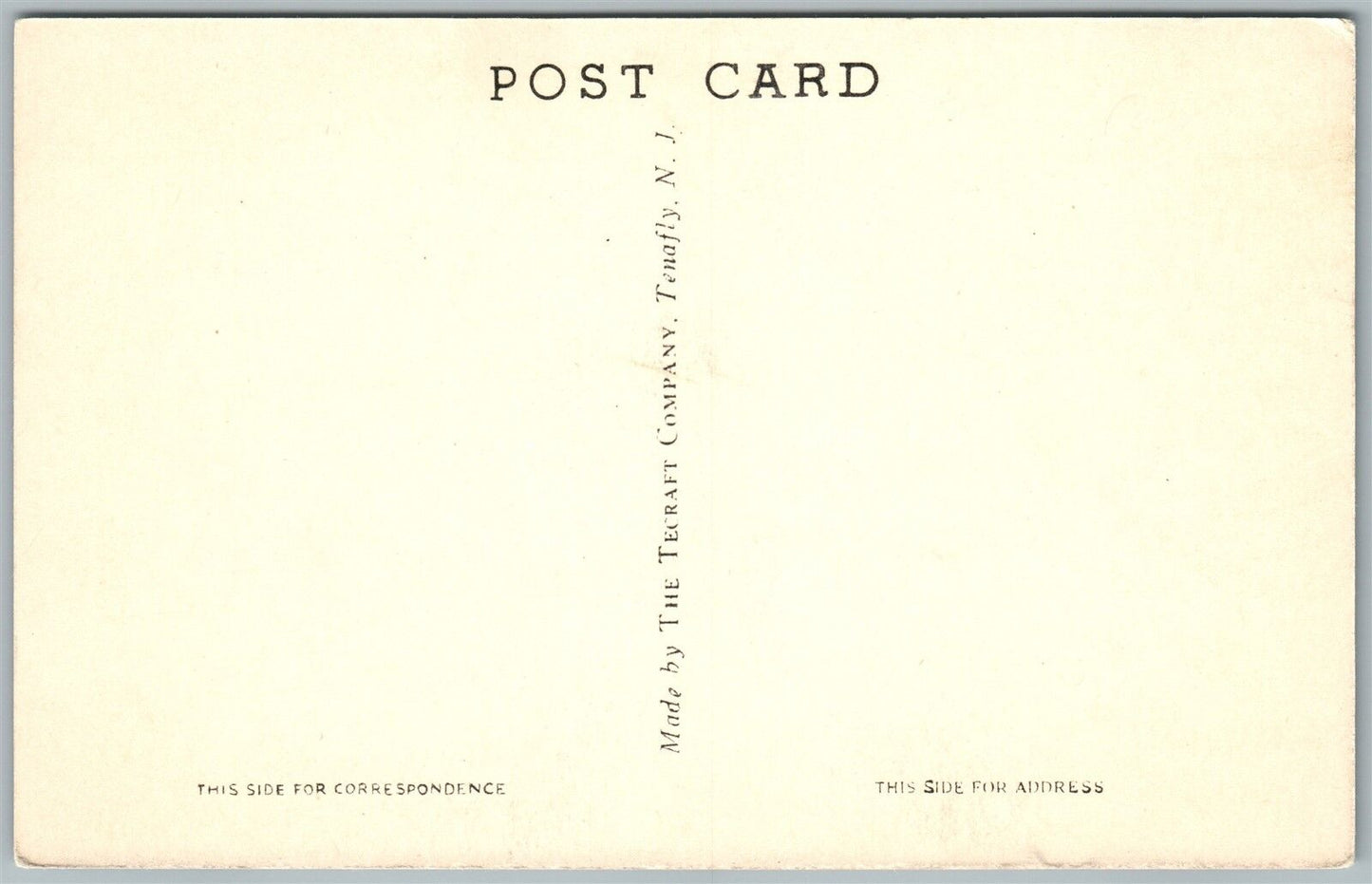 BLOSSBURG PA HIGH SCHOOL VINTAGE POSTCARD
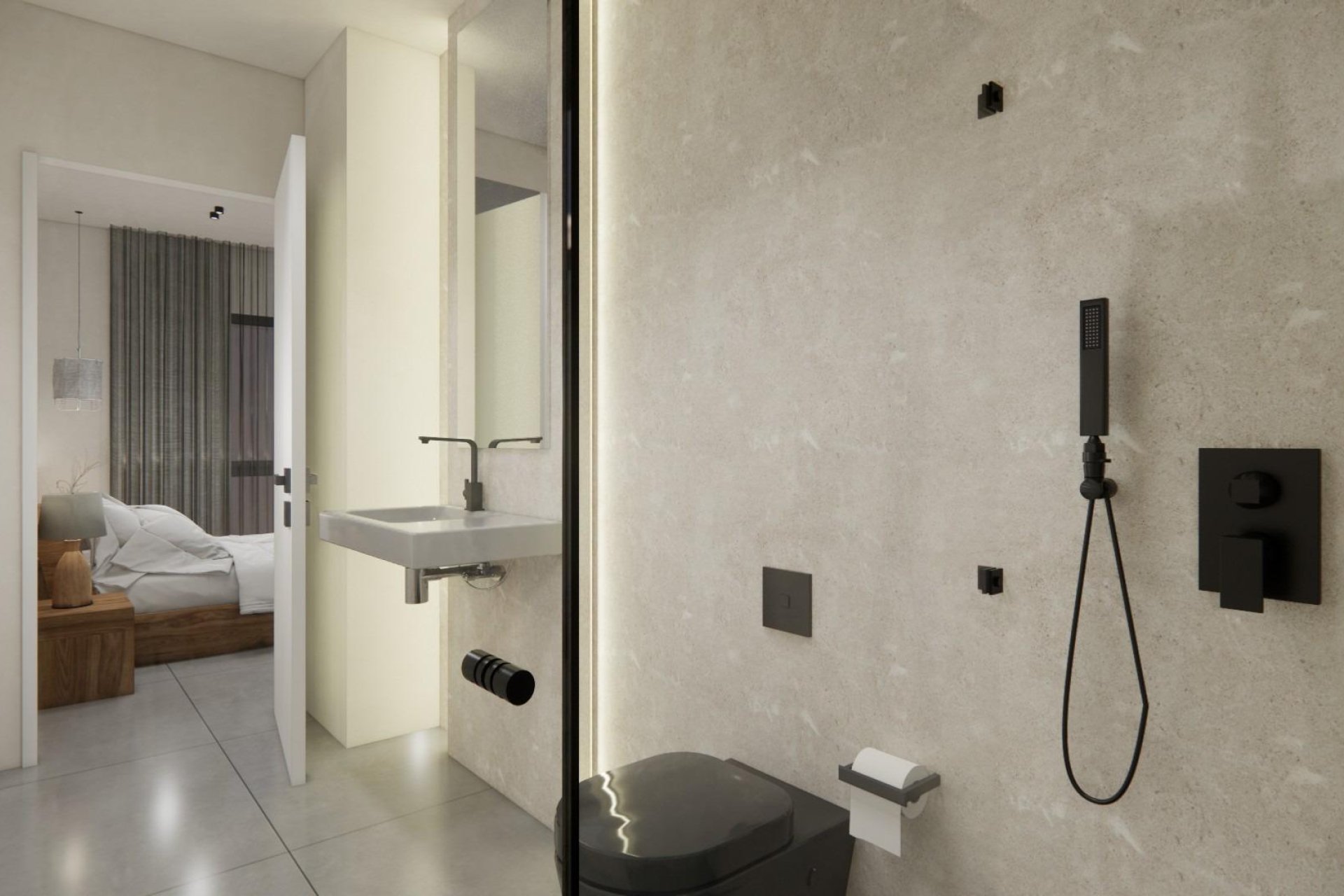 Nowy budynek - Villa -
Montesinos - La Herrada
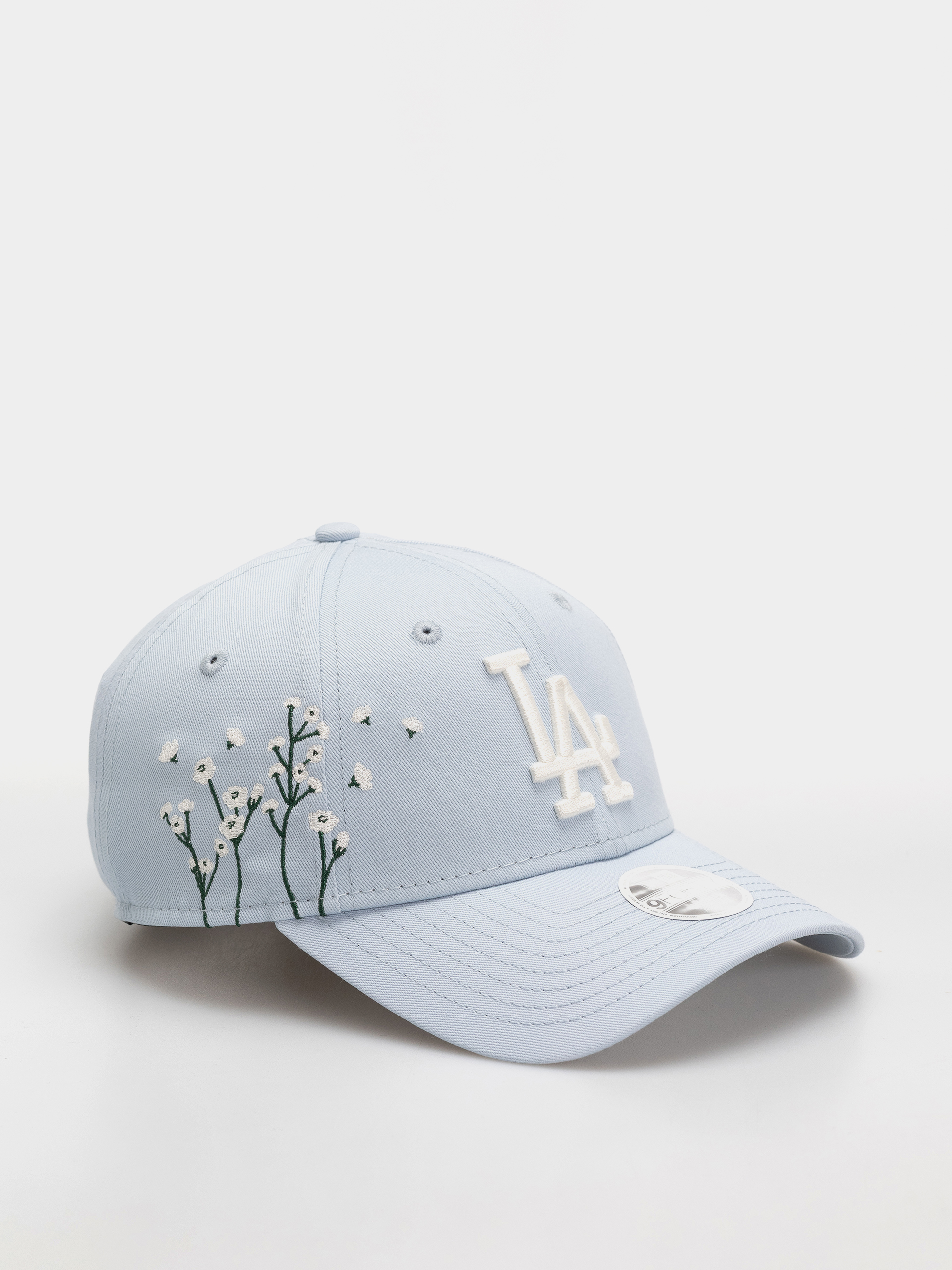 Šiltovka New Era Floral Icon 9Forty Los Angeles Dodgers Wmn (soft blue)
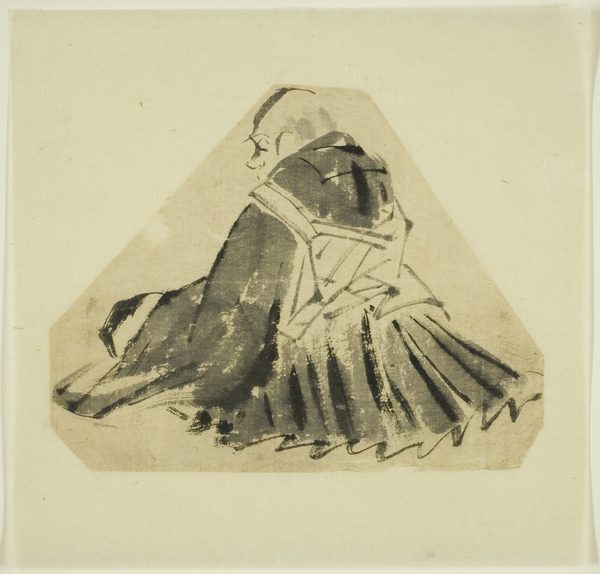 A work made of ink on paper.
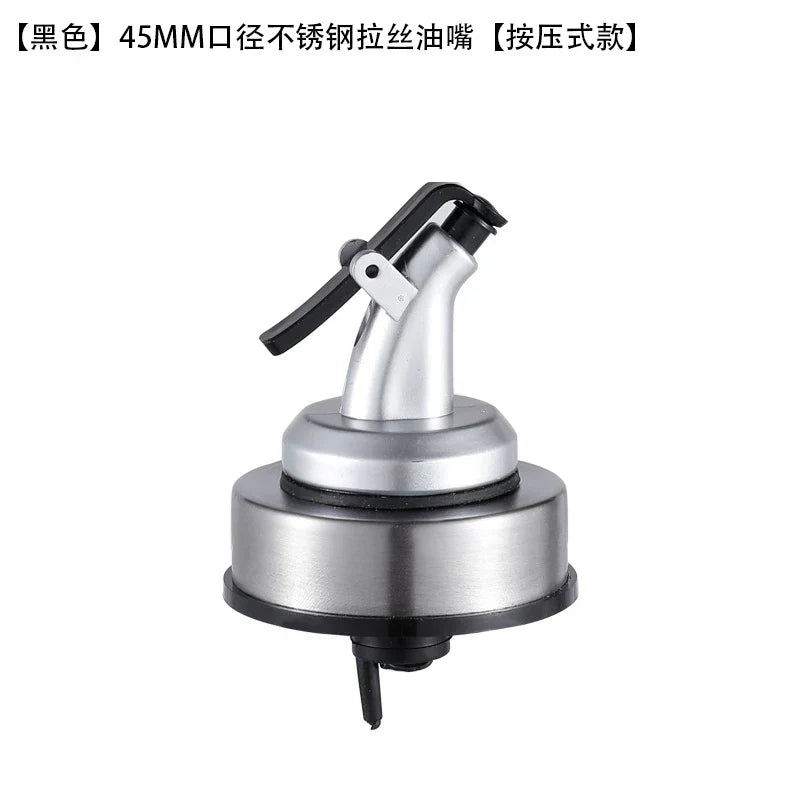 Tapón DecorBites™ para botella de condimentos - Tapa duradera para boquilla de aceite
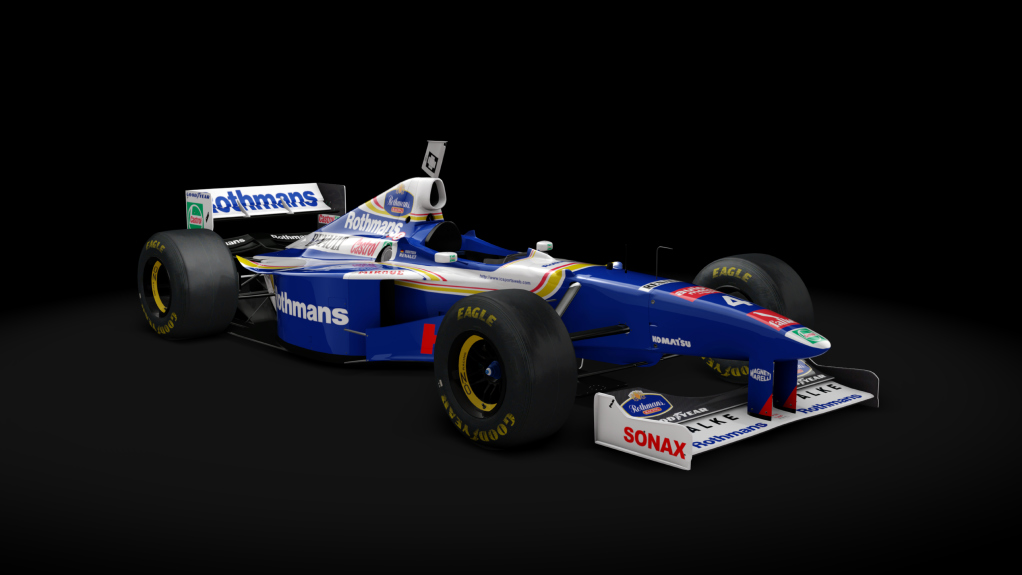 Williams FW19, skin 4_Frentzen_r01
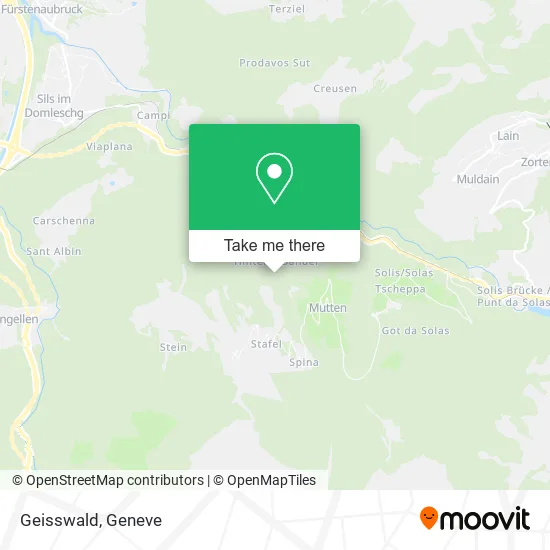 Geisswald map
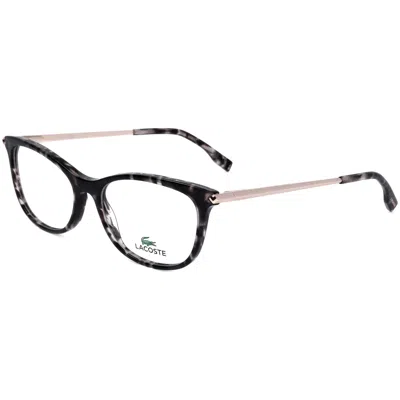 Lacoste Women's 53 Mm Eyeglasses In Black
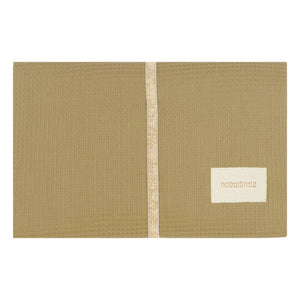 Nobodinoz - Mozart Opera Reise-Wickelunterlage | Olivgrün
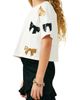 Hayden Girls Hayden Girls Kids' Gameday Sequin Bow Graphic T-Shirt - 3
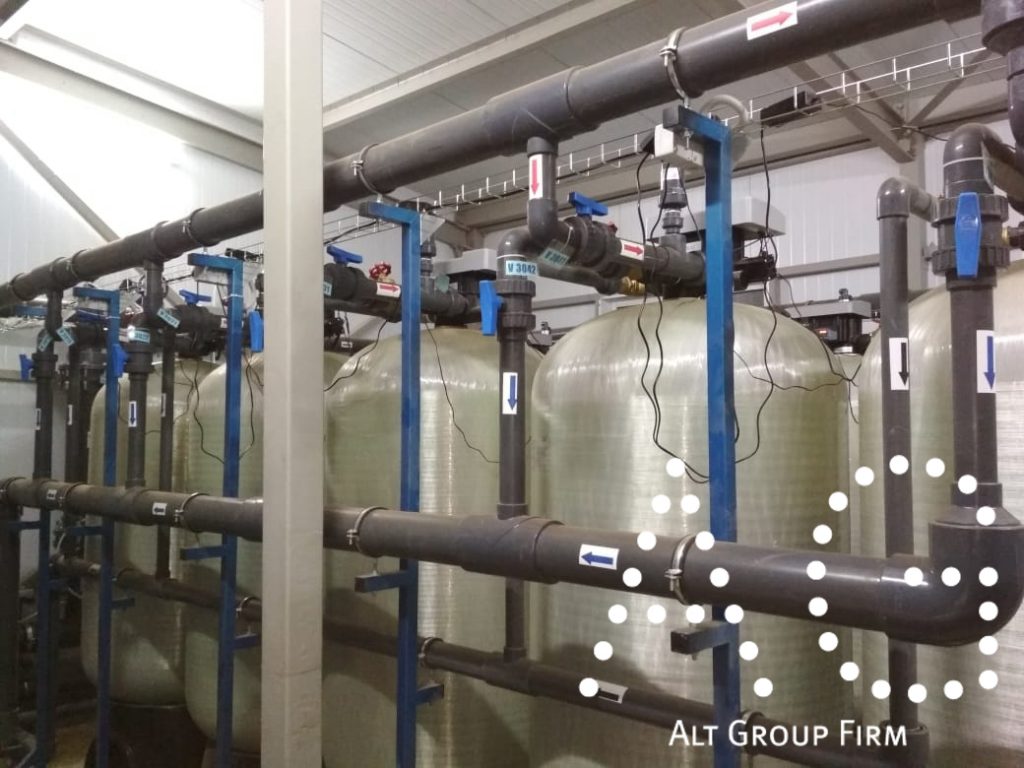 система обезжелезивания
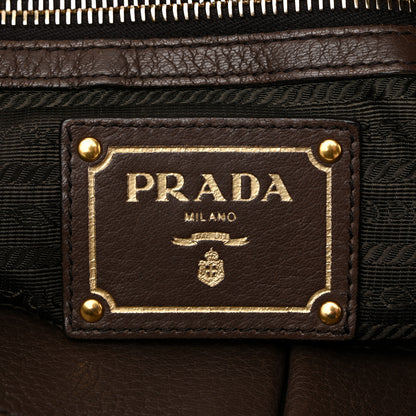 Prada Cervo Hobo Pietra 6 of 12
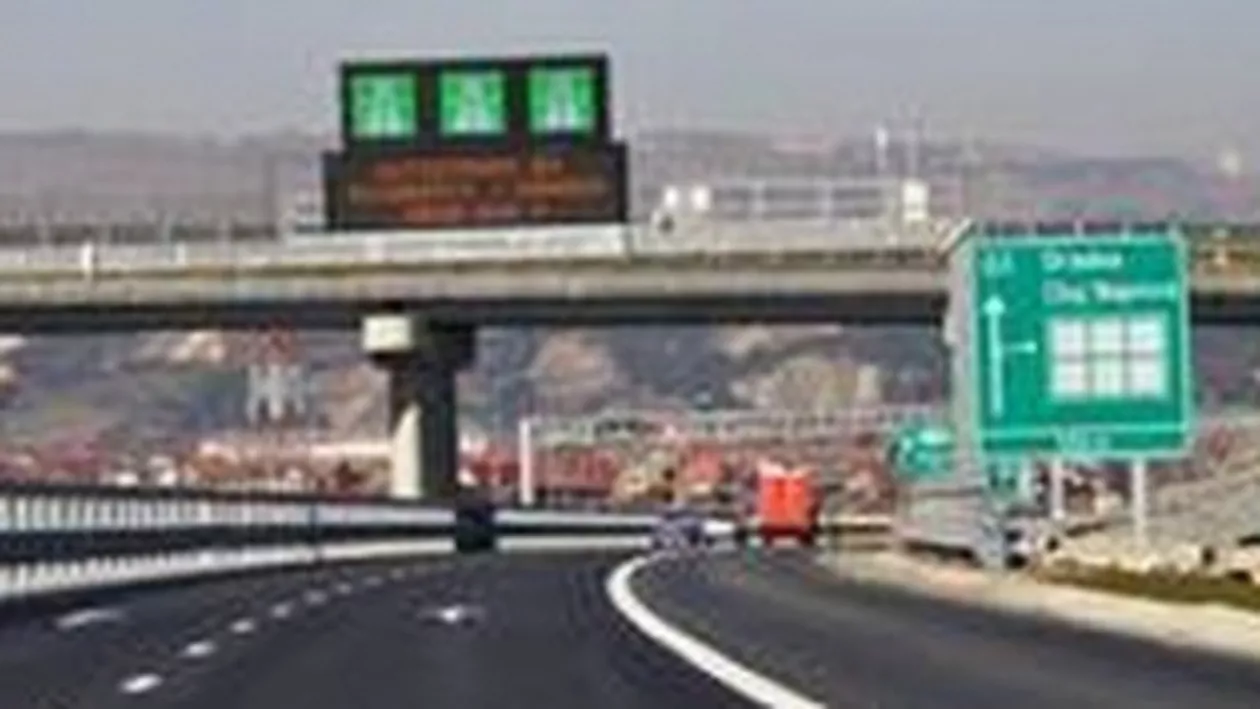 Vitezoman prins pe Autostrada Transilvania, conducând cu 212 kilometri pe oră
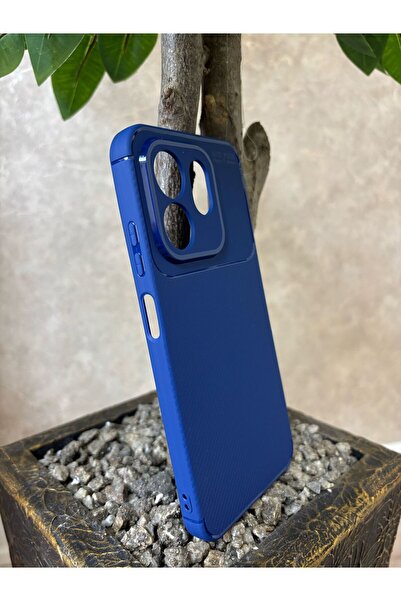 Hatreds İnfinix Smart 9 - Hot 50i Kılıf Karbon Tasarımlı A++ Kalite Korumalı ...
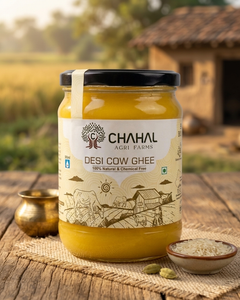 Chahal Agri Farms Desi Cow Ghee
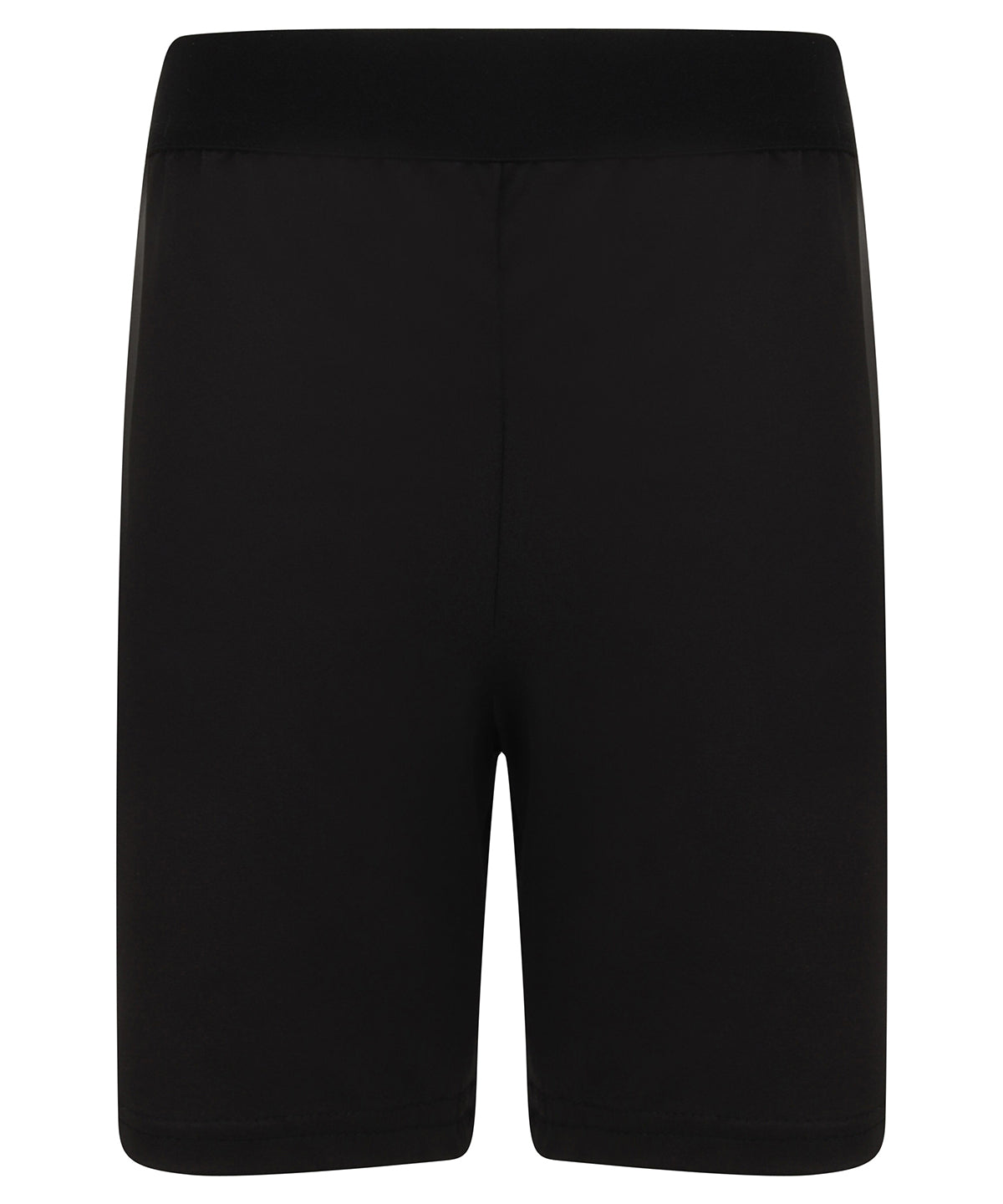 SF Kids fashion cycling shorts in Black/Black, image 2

****************

◆ Work instruction ◆
Leave every picture out, and reproduce exactly the lines from the line bearing "Prada Cervo Hobo Pietra 6 of 12" through the closing line of the material above.

◆ Exercise response ◆
 Prada Cervo Hobo Pietra 6 of 12
 Vitezoman prins pe Autostrada Transilvania, conducând cu 212 kilometri pe oră
 Hatreds İnfinix Smart 9 - Hot 50i Kılıf Karbon Tasarımlı A++ Kalite Korumalı ...
 Chahal Agri Farms Desi Cow Ghee
 SF Kids fashion cycling shorts in Black/Black, image 2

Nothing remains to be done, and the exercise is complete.